It all depends on your loan contract, and the way most are written, the 10 day thing will not help. However, assuming that the contract is written in such a way to allow this, the difference will be negligible.

By "saving money" I assume you mean the amount of interest paid.

There is really two ways of doing this. If you carry the loan to term paying the indicated amount on the due date you will pay $6,140 in interest. An increase of over 33% to the cost of the car. Yikes, that is a lot of money. You should seek to minimize your interest expense.

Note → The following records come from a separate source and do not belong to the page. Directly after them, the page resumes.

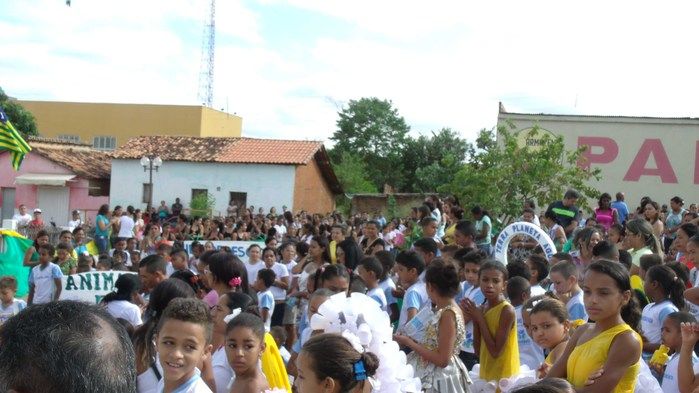 Público prestigia Desfile Cívico de 7 de setembro em Francinópolis - Imagem 124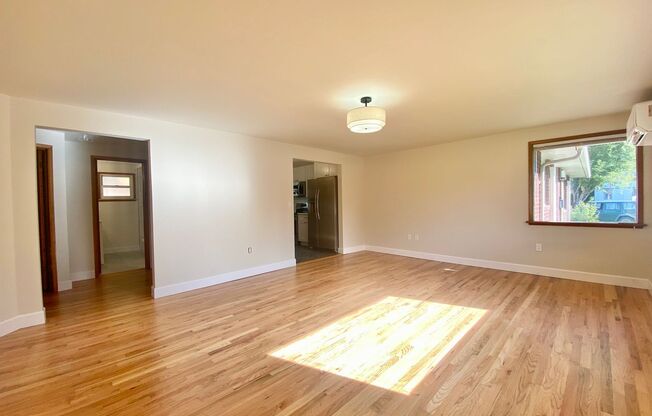 2 beds, 1 bath, 1,000 sqft, $1,775, Unit 207 N 38th Ave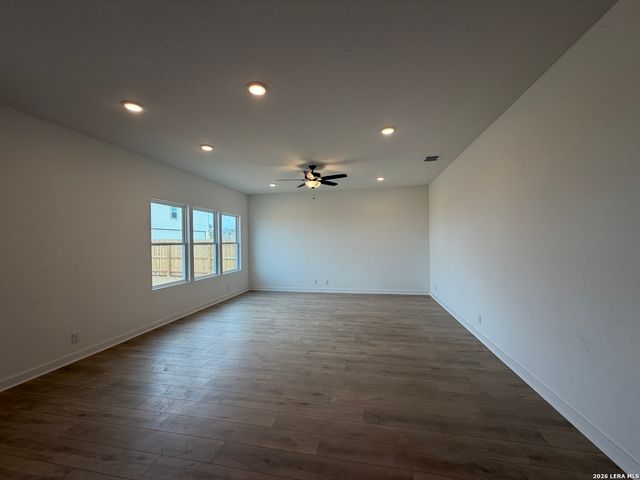 10907 Bop Ln, Adkins, TX 78101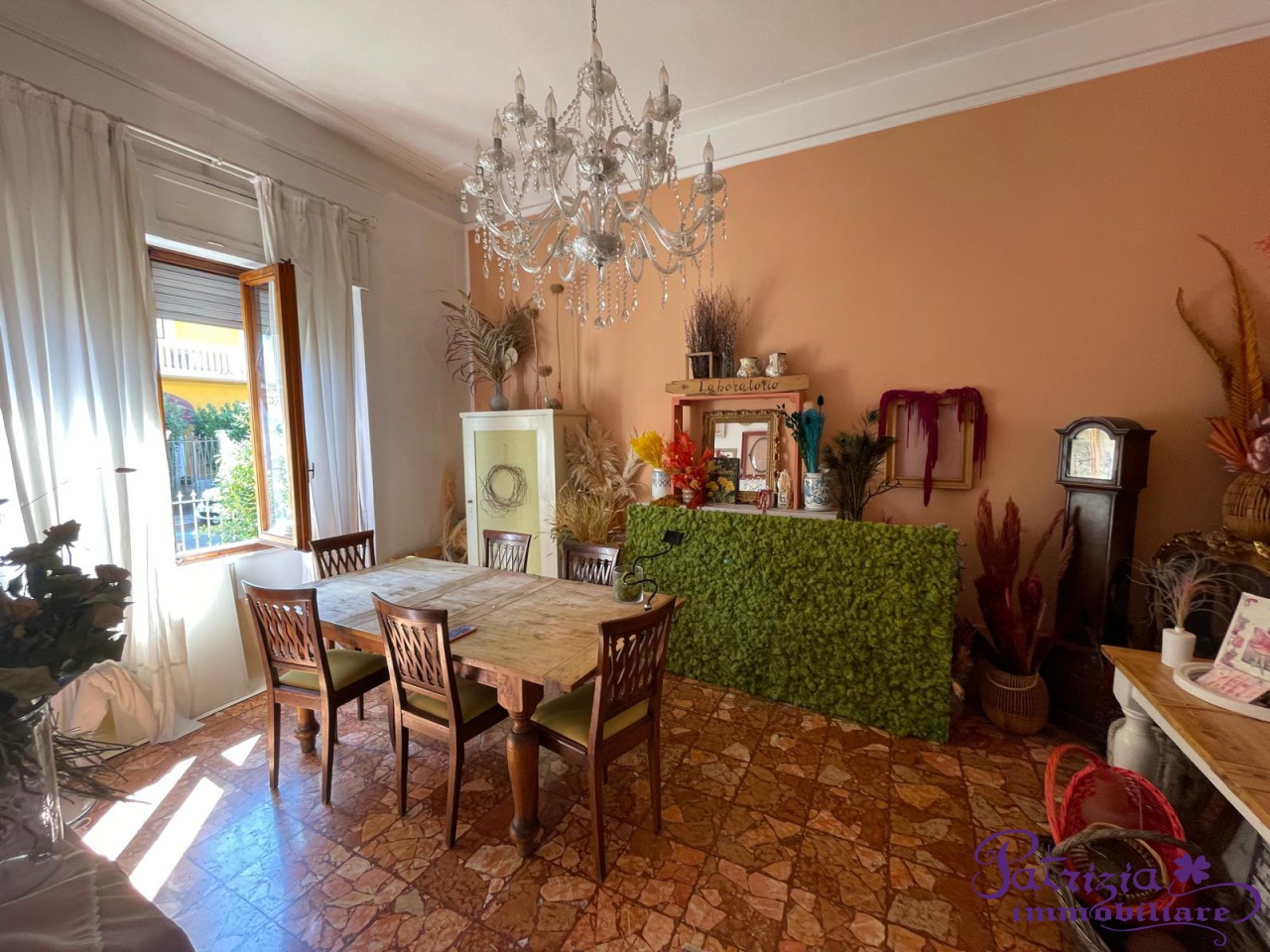 Villa con giardino a Prato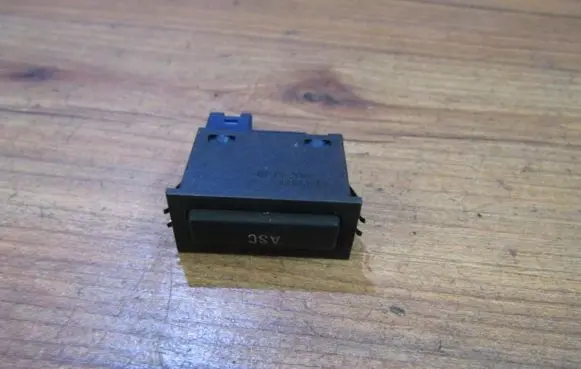 Traction control (ASR) switch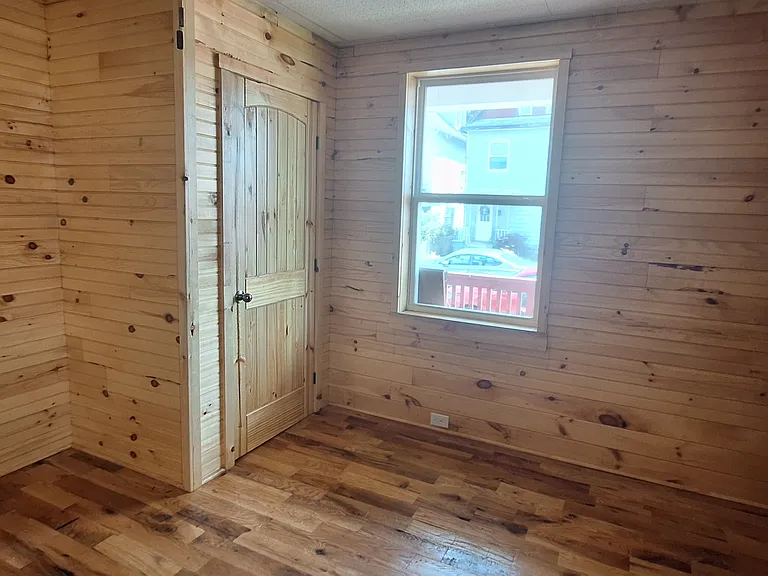 132 3rd Ave — Photo 8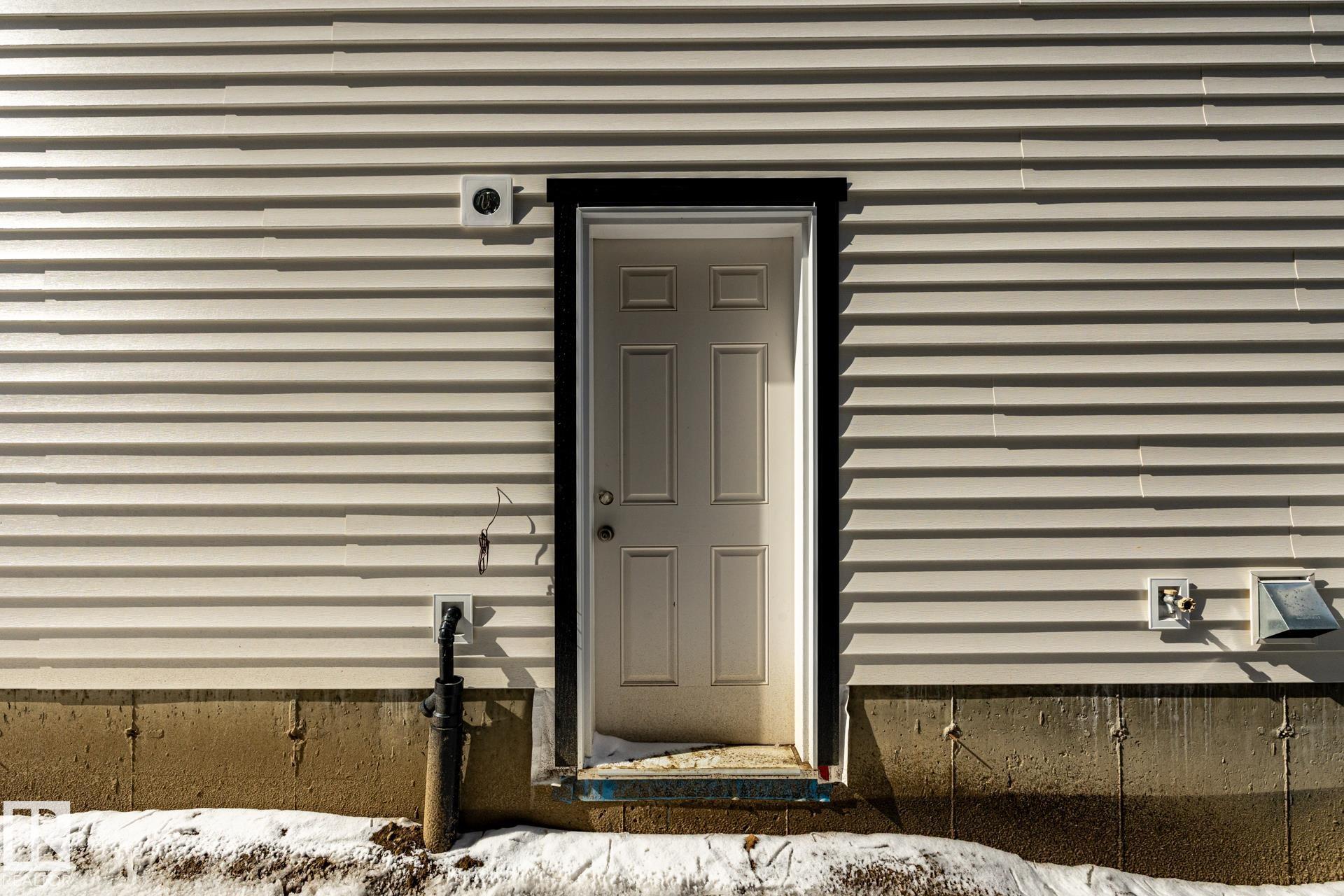 235 157 AV NE 2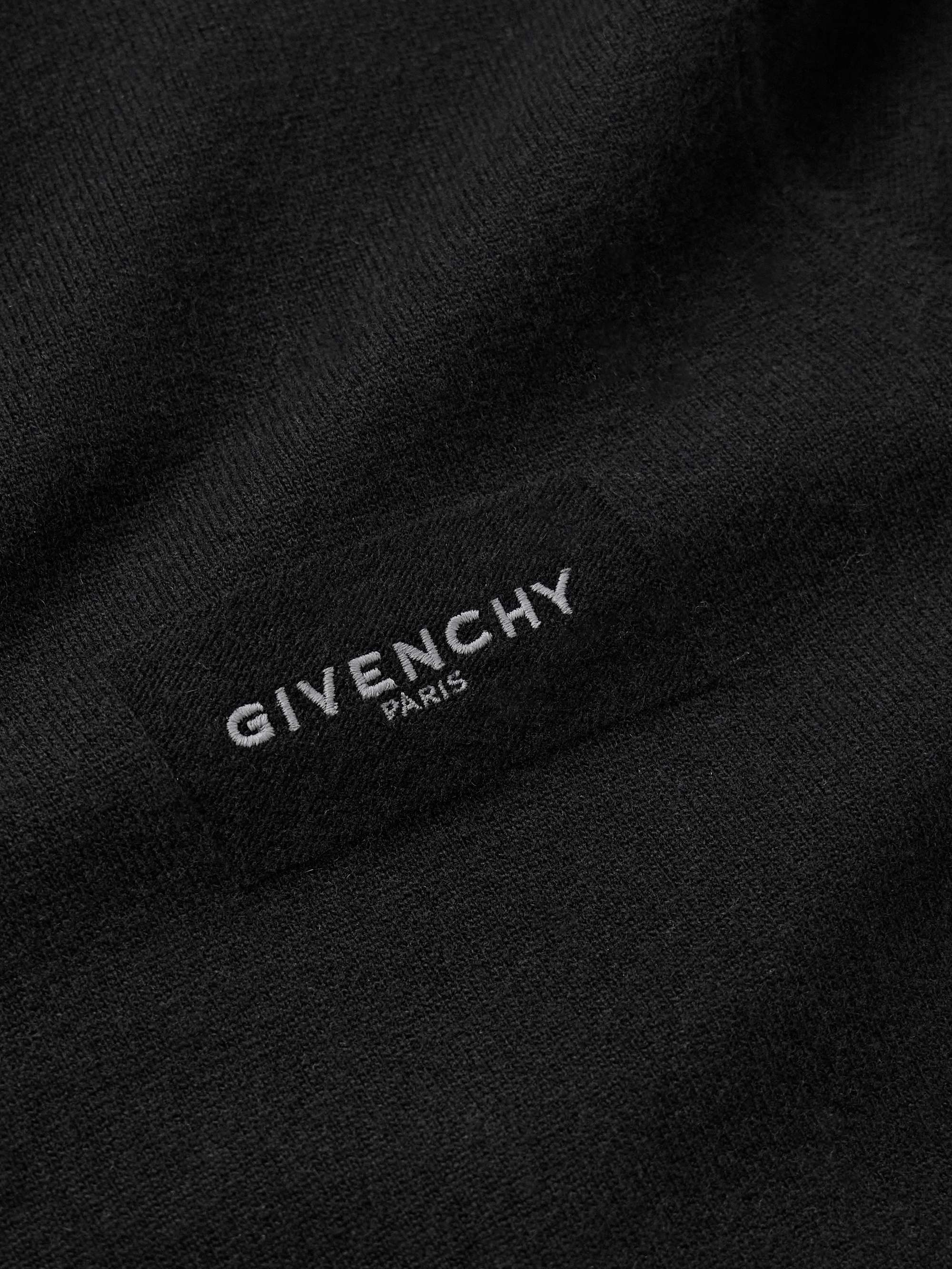 GIVENCHY 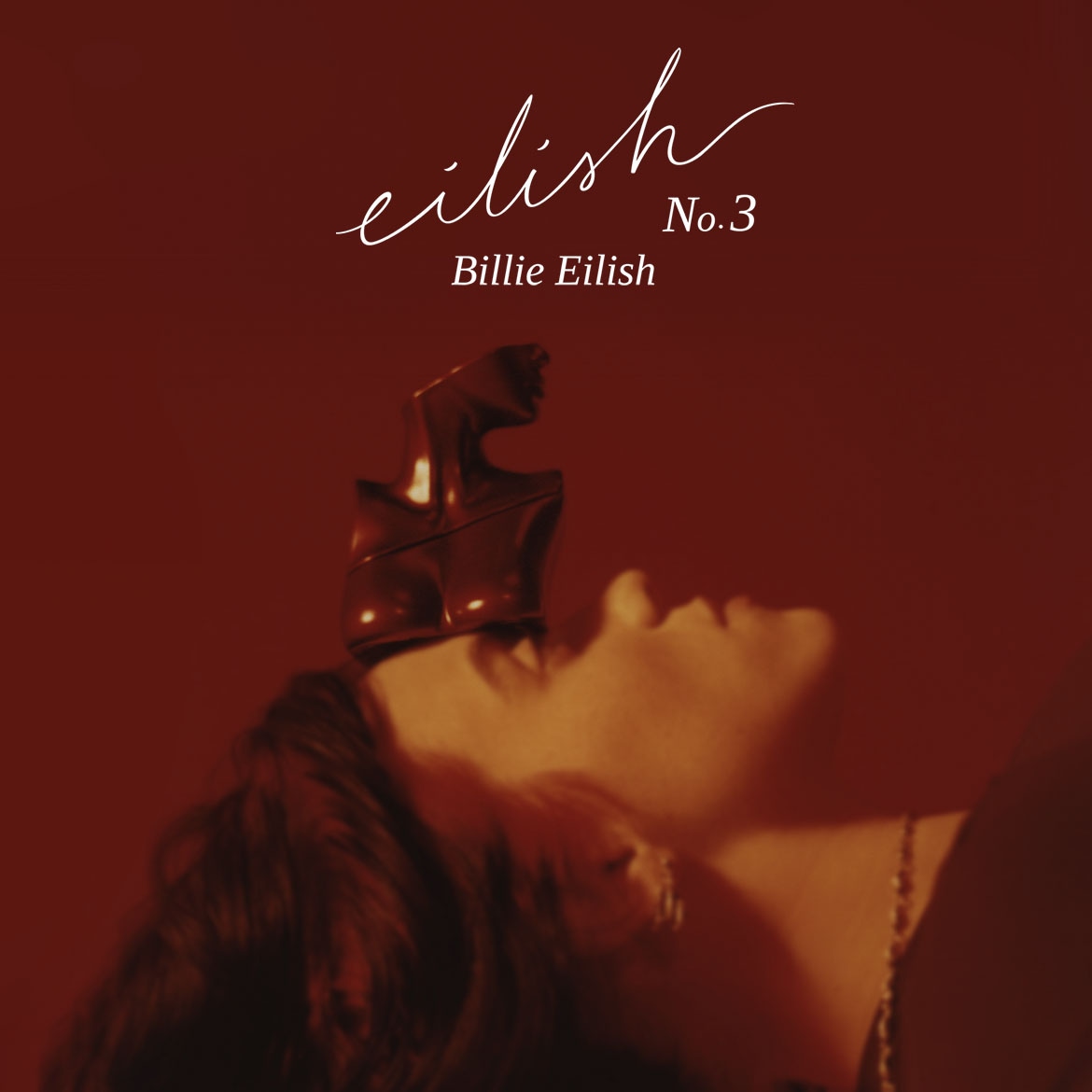 Billie Eilish představuje Eilish No.3, vůni v bronzově červeném flakonu ve tvaru ženské busty.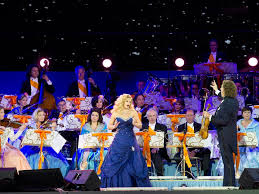 André Rieu - Mirusia singing "'Time to say goodbye" at the Coronation Concert in Amsterdam. | Facebook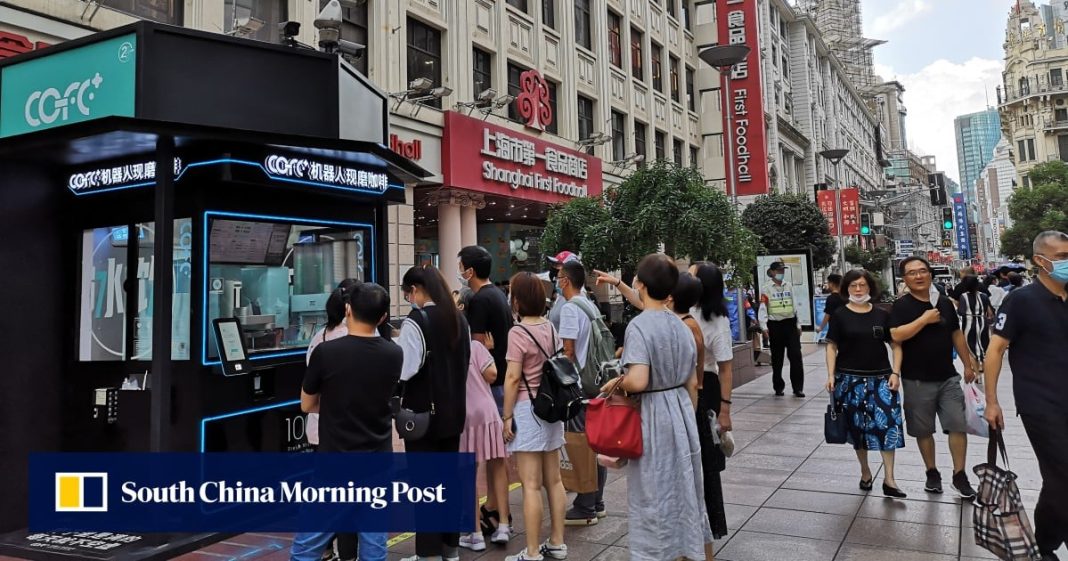 ¿Podrán los baristas robot salvar los cafés de Shanghai de una economía en crisis?
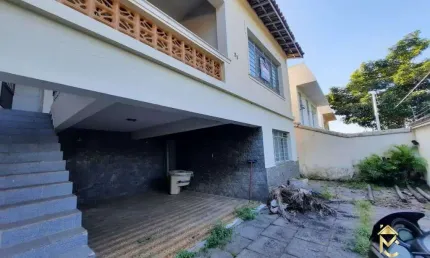 Casa com 4 quartos à venda na Rua Pellogia José, 39, Vila São José, Taubaté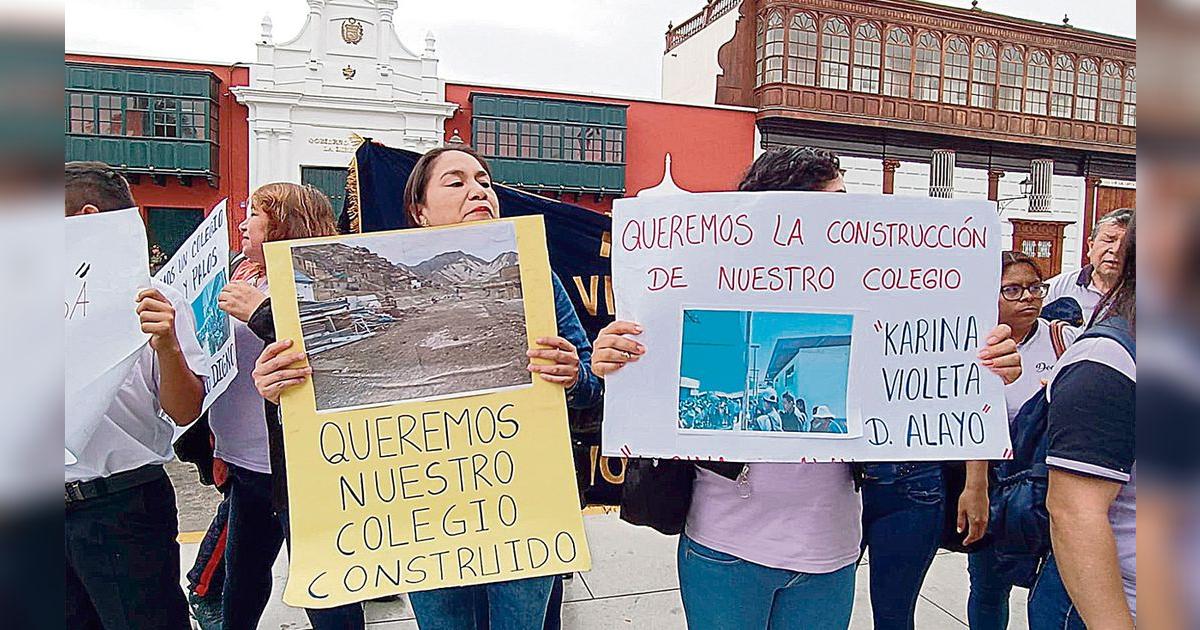 Minedu | |Protestan por abandono de obras de colegios en La Libertad ...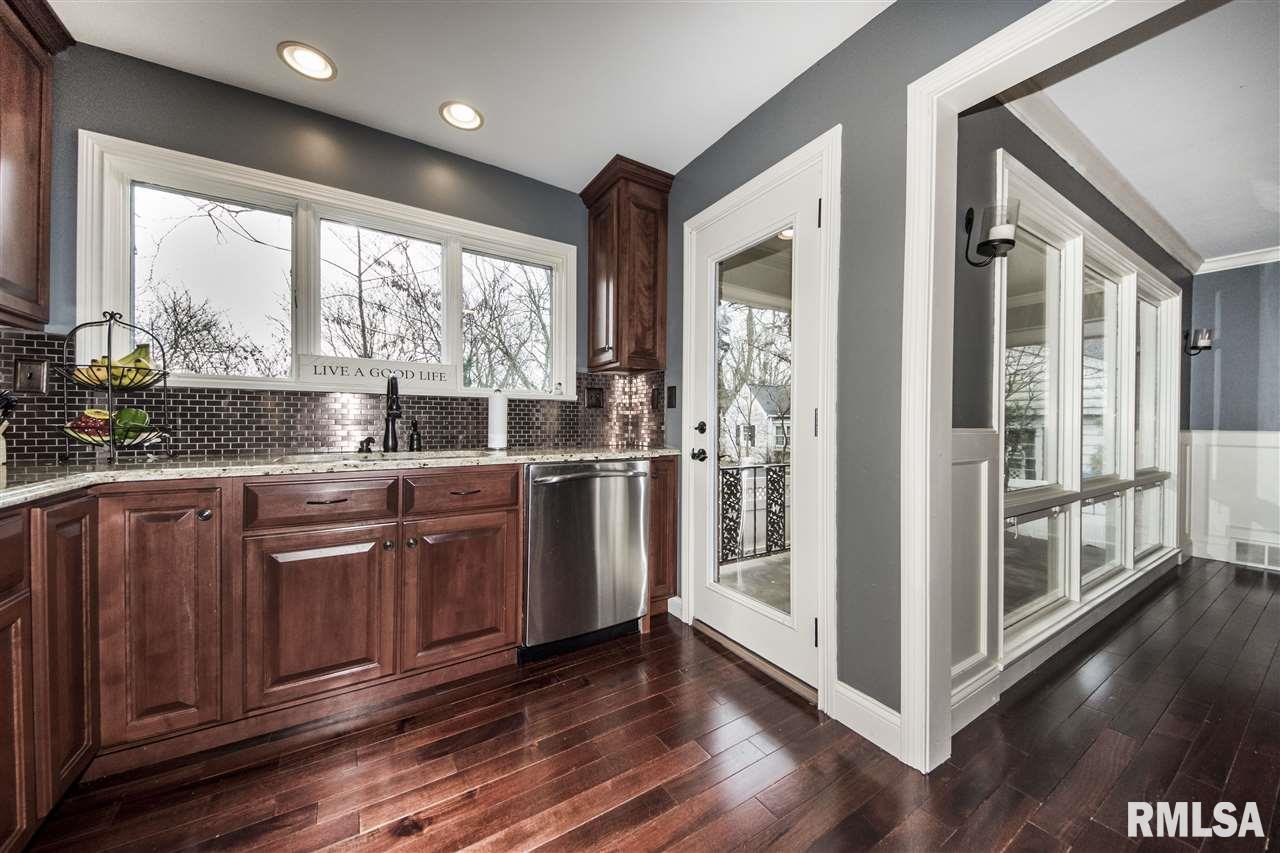 308 East High Point Road Peoria, IL 61614 - Photo 8 of 36 Gallery Image 8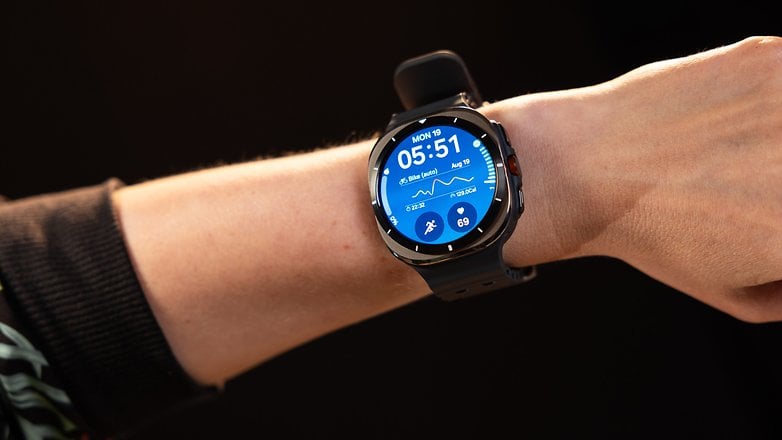 Samsung Galaxy Watch Ultra sol bileğe takılır Samsung Galaxy Watch Ultra sol bileğe takılır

One way to do this is to reduce your rate. Applying for a new loan that is at a more reasonable 6% and continuing to pay the ~285 per month will reduce the term to 59 months and only cost you $2,245 in interest. A large savings.

Even better is to work a second job and earn an extra 1,000 per month. Then bundle it with your 285 payment and shoot that at the loan. This way you will only pay $965 in interest, and have it paid off in a year. Once you do that, you can stick $300/month or so in a savings account or other investment and pay for every other car in cash. Making choices like these leads to building wealth.

So the question becomes do you want to spend the rest of your life on the hamster wheel of car payments, or do you want to spend one year in pain so you make smart choices in the future? The choice is yours.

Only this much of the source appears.